> _Given entries_:
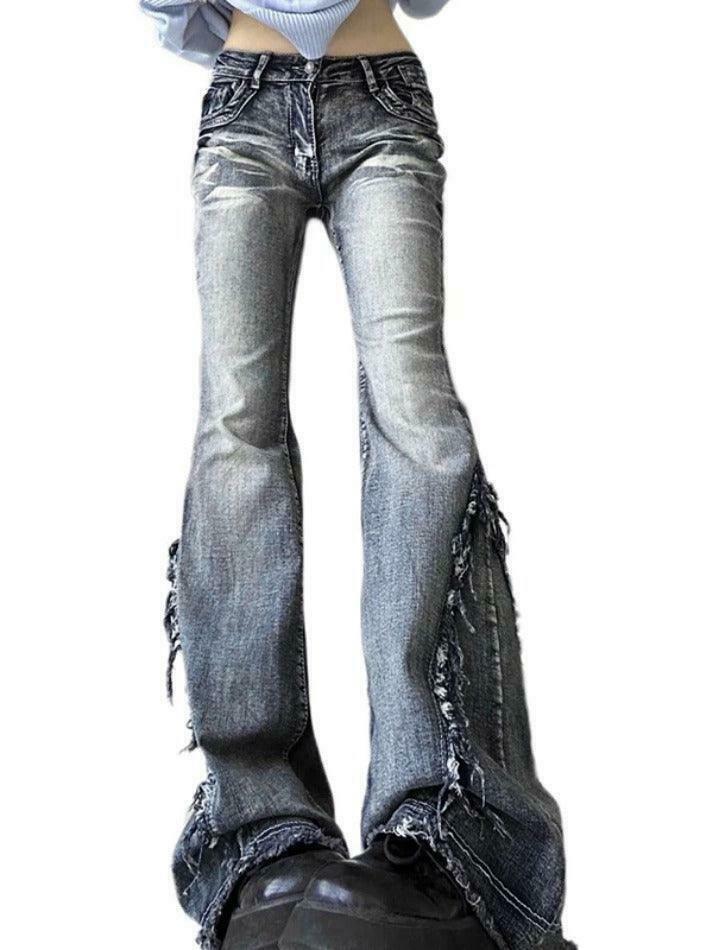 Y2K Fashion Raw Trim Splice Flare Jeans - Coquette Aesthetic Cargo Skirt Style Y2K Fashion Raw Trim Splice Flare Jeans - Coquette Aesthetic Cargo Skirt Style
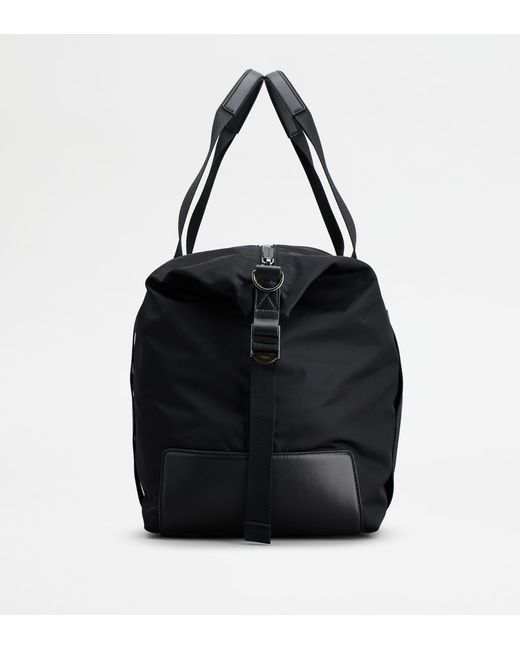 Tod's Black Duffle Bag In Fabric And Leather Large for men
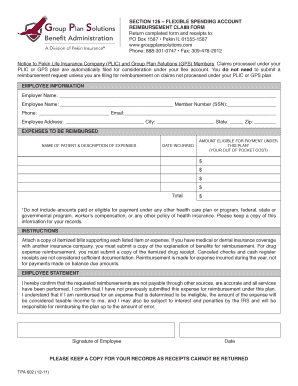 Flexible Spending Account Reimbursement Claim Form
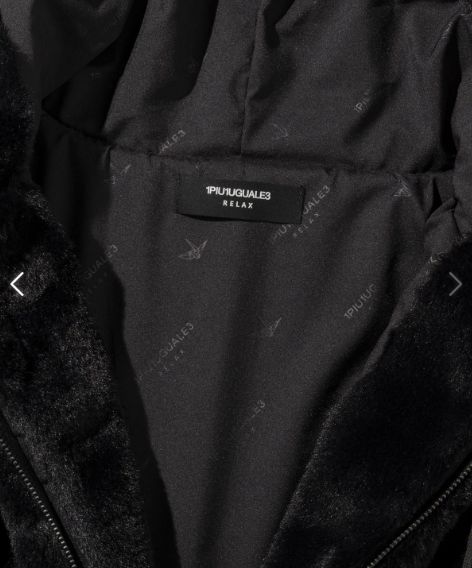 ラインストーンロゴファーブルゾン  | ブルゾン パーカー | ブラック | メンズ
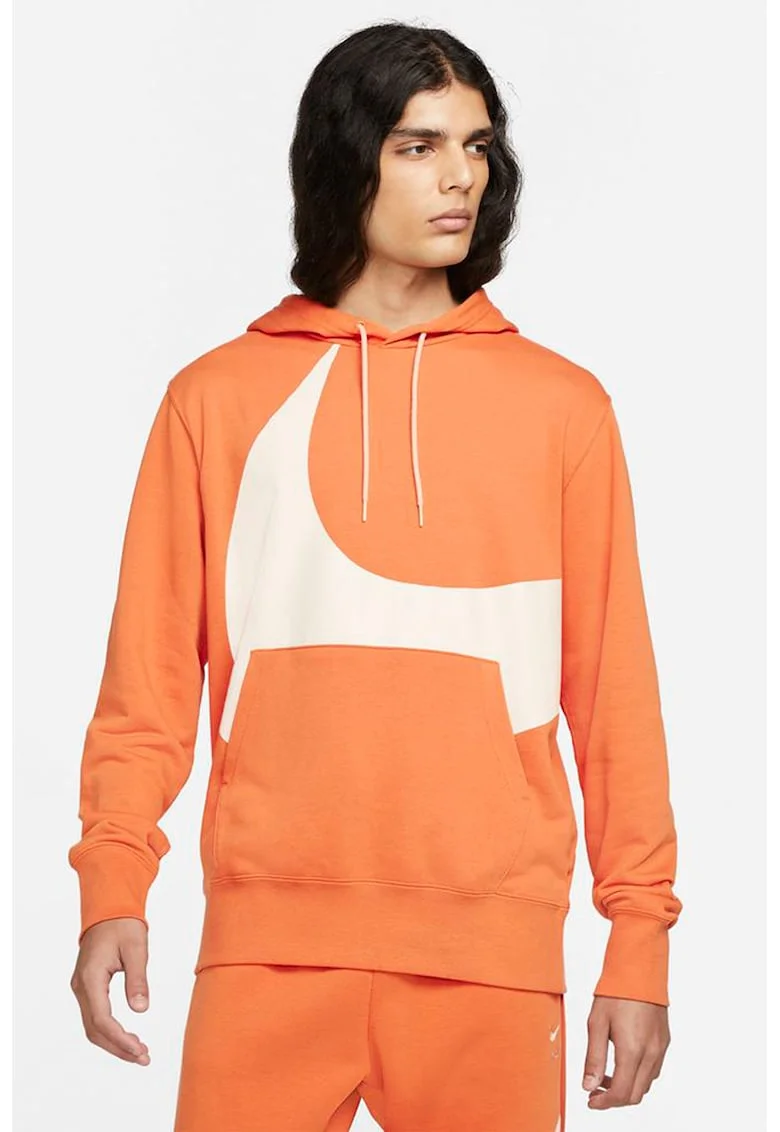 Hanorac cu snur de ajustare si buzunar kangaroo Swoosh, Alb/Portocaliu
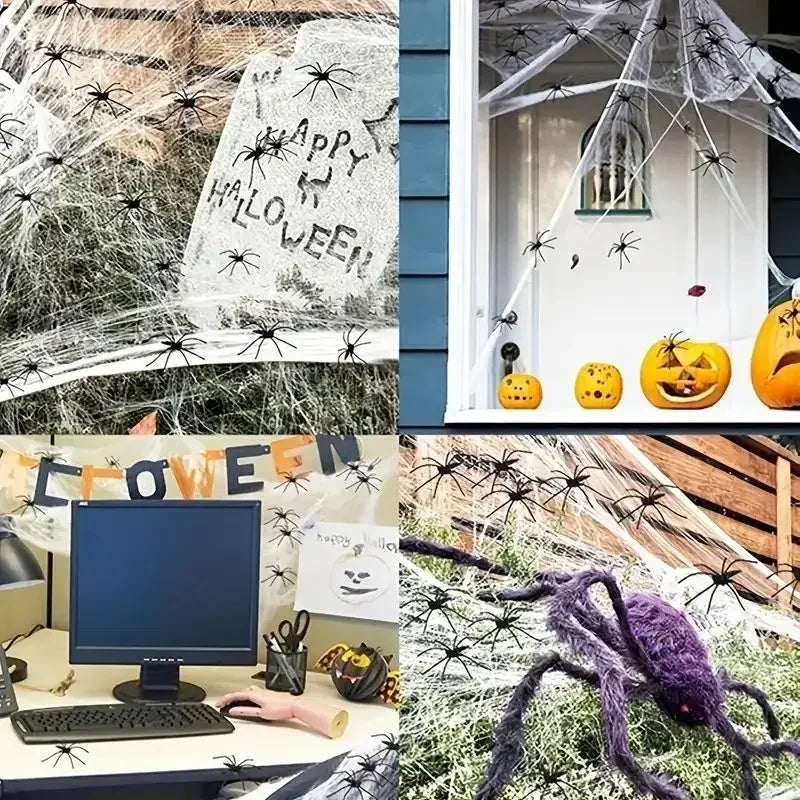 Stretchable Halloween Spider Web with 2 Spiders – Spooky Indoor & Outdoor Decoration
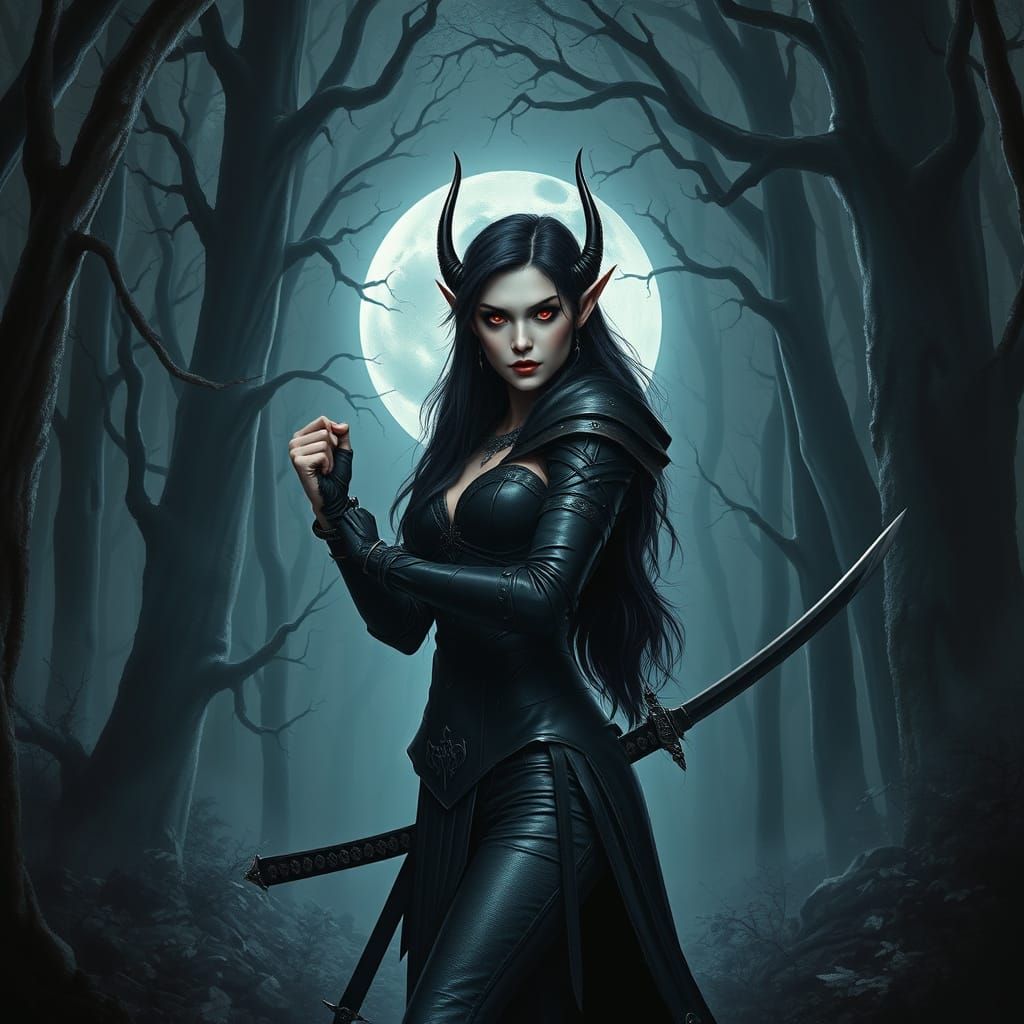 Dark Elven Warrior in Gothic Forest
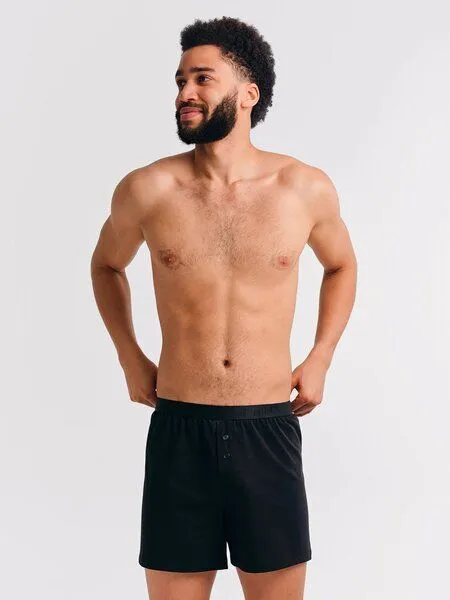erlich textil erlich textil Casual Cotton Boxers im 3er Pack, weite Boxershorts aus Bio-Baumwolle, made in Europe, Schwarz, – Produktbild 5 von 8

> _What is needed_: Of the lines above, copy only those from the one holding "Tod's Black Duffle" to the one holding "Dark Elven Warrior in Gothic Forest", both included, and exclude every image.

> _Solution for this task_:
 Tod's Black Duffle Bag In Fabric And Leather Large for men
 Flexible Spending Account Reimbursement Claim Form
 ラインストーンロゴファーブルゾン  | ブルゾン パーカー | ブラック | メンズ
 Hanorac cu snur de ajustare si buzunar kangaroo Swoosh, Alb/Portocaliu
 Stretchable Halloween Spider Web with 2 Spiders – Spooky Indoor & Outdoor Decoration
 Dark Elven Warrior in Gothic Forest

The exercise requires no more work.